Material provided START
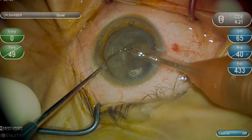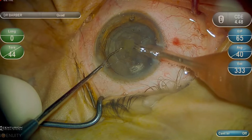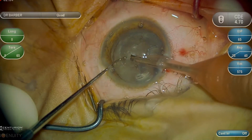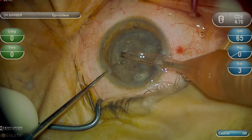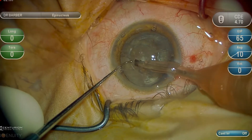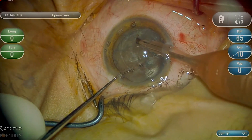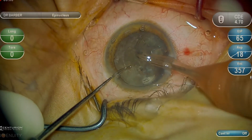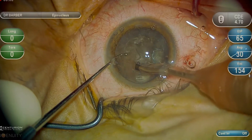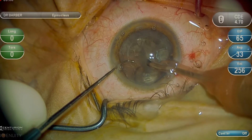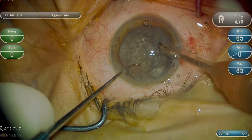Now, in this case, there is a dense epinuclear plate, so switching to the epinuclear setting, we gently try to aspirate the epinucleus. This was somewhat difficult, as the posterior capsule is difficult to identify with such dense asteroid hyalosis.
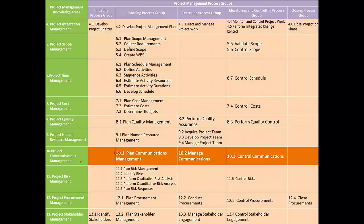The other two processes in this knowledge area are Manage Communications and Control Communications. The process Manage Communications is directly involved with the process Manage Stakeholder Expectation from the Stakeholder Management knowledge area. The focus of the project manager in this process is to manage the communication within and outside the project. Various communication models and communication techniques are used for this process.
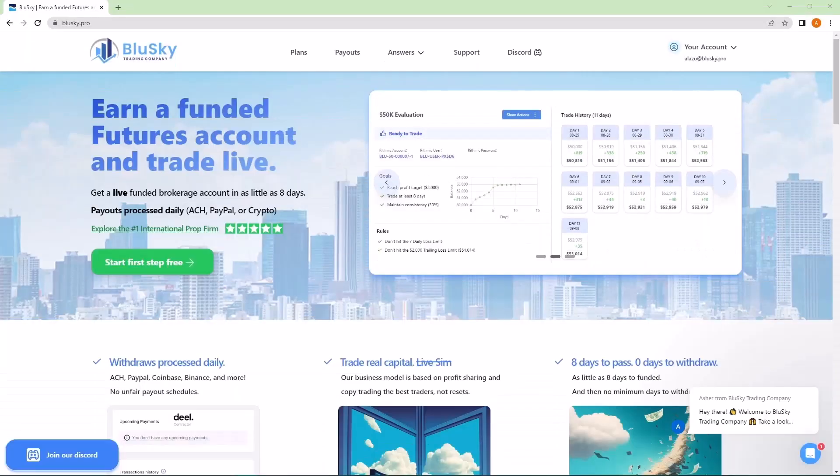Hi, this is Asher from Blue Sky and today we'll be going over how to install RTrader Pro and NinjaTrader. So you just bought an account with Blue Sky and are looking to get started.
Material provided END
■ **What you are asked to do**
A faithful transcription of the material, with no pictures, is the expected result.

■ **Task solution**
Now, in this case, there is a dense epinuclear plate, so switching to the epinuclear setting, we gently try to aspirate the epinucleus. This was somewhat difficult, as the posterior capsule is difficult to identify with such dense asteroid hyalosis.
The other two processes in this knowledge area are Manage Communications and Control Communications. The process Manage Communications is directly involved with the process Manage Stakeholder Expectation from the Stakeholder Management knowledge area. The focus of the project manager in this process is to manage the communication within and outside the project. Various communication models and communication techniques are used for this process.
Hi, this is Asher from Blue Sky and today we'll be going over how to install RTrader Pro and NinjaTrader. So you just bought an account with Blue Sky and are looking to get started.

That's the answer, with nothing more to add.